Exercise. From the line containing "Evidence folder with" down to the final line of the entries below, quote every line verbatim. Exclude pictures.

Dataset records
◇ ◇ ◇ ◇ ◇ ◇ ◇
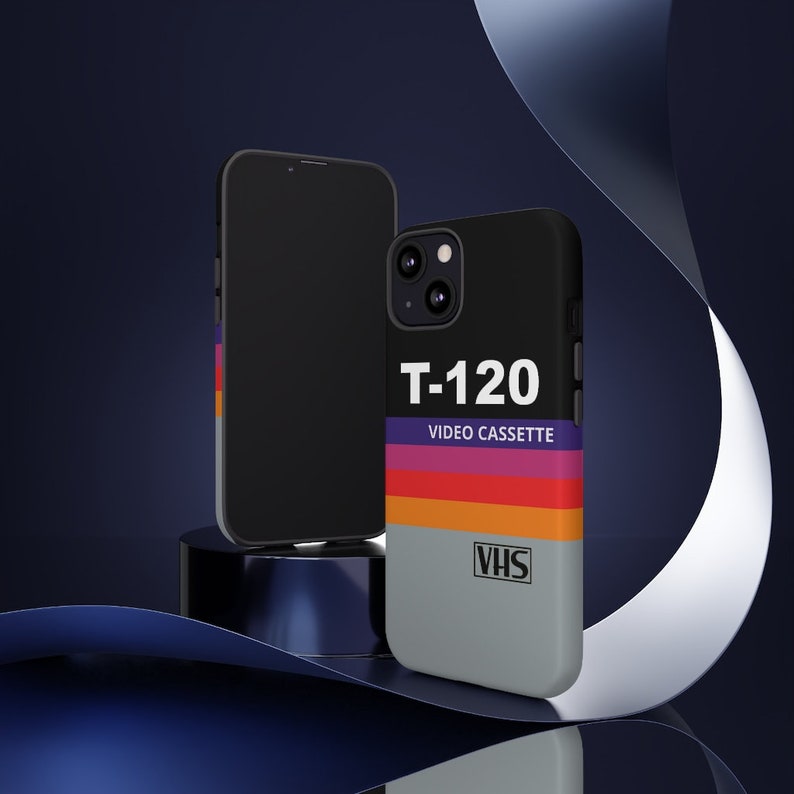 VHS Tapes Retrowave Cassette Tapes 80s Tough Case S21 Ultra Case Custom iPhone Case Cute iPhone Case Samsung S21 Case Cell Phone Case zdjęcie 5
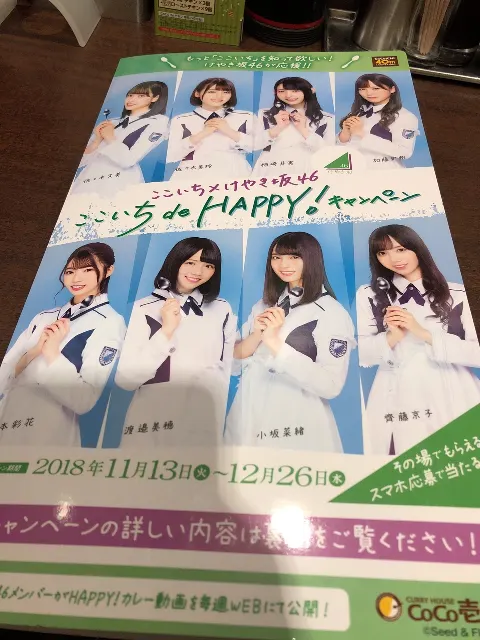 河田 陽菜｜オススメ教えてください！🍛（2018-11-14）｜2枚目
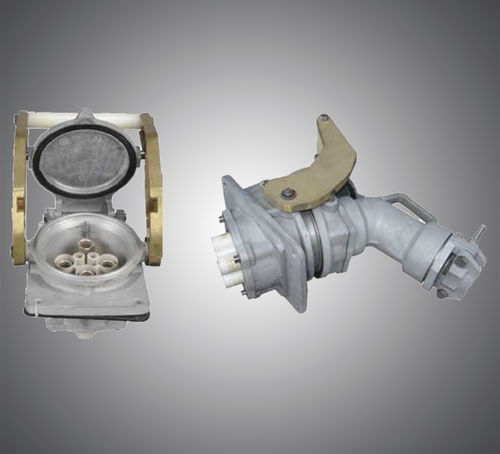 Conector de alimentação elétrica - JL08 Series - JIANGSU JIANLONG ELECTRICAL CO.,LTD - IEC C7 / reto / cotovelo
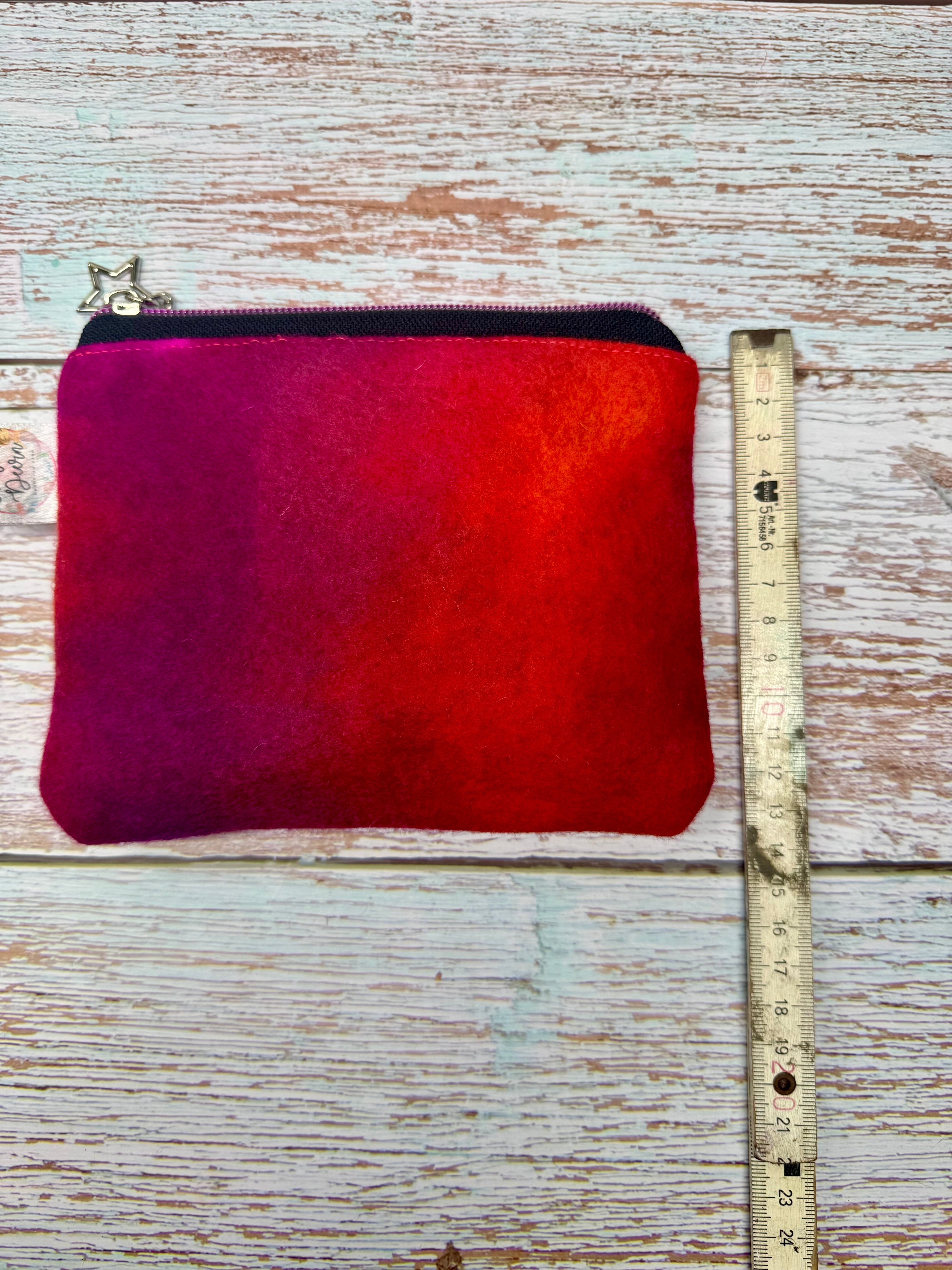Filz Bag °Cotton Candy Cosmea°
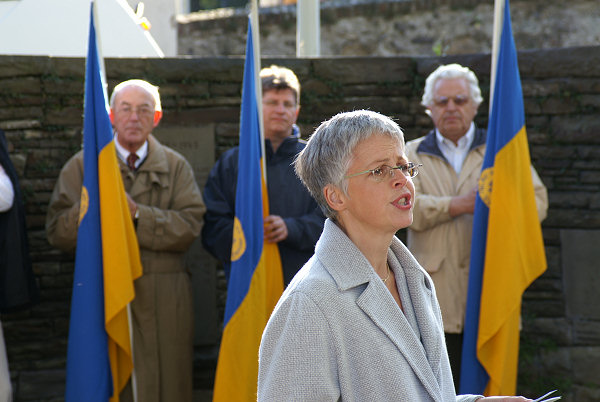 Festzug und Gefallenengedenken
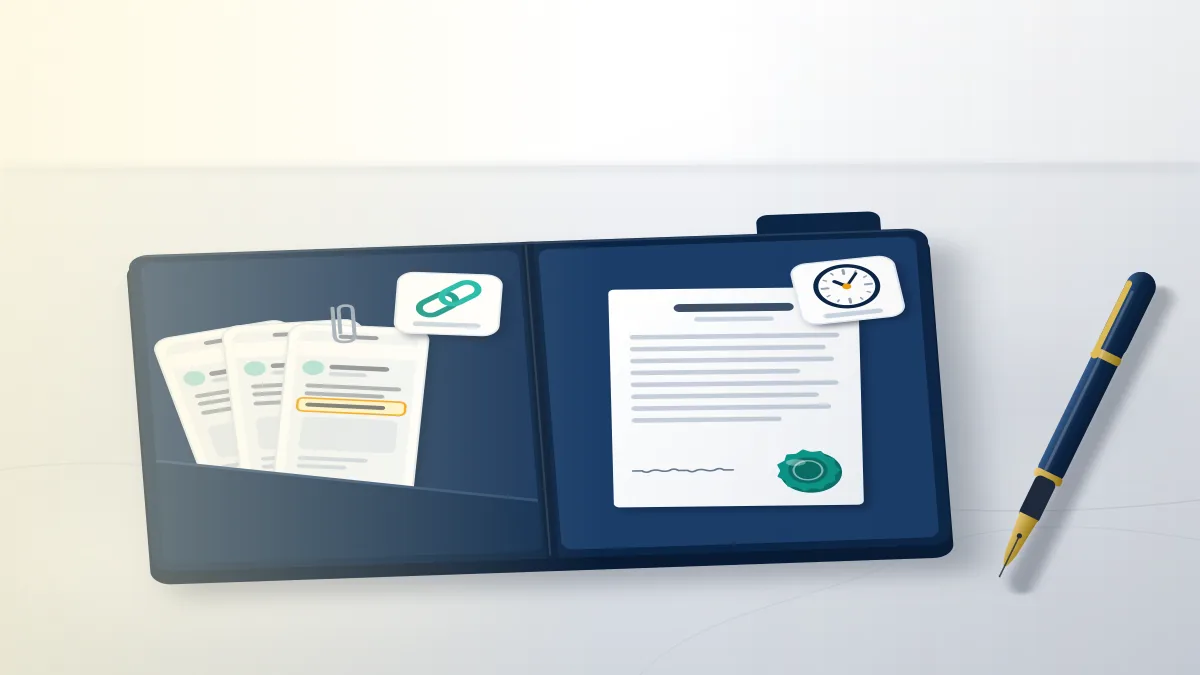 Evidence folder with screenshots, a link card and a timestamp, the file to build before asking can you sue for defamation on Facebook.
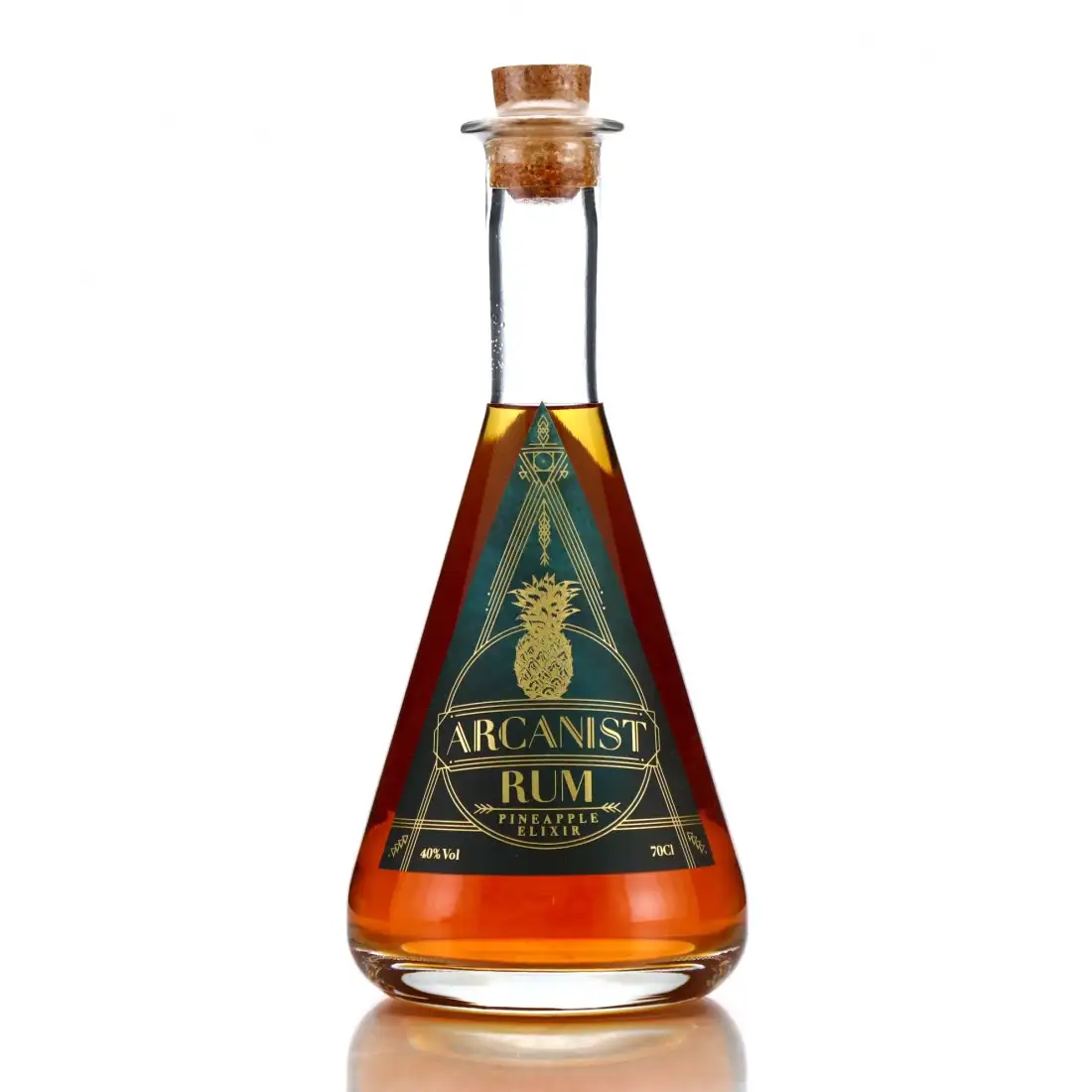 High resolution image of the bottle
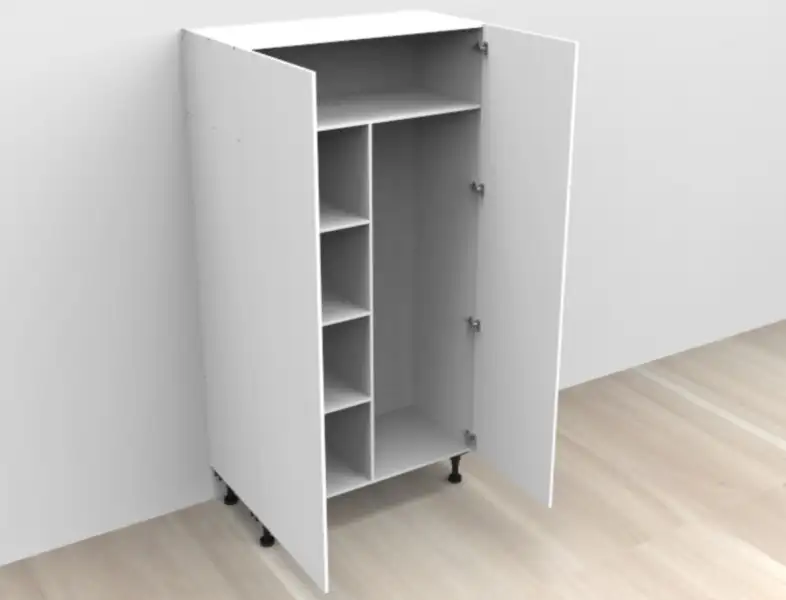 Tall Double door laundry cabinet - Photo 6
◇ ◇ ◇ ◇ ◇ ◇ ◇
Solution for this task.
 Evidence folder with screenshots, a link card and a timestamp, the file to build before asking can you sue for defamation on Facebook.
 High resolution image of the bottle
 Tall Double door laundry cabinet - Photo 6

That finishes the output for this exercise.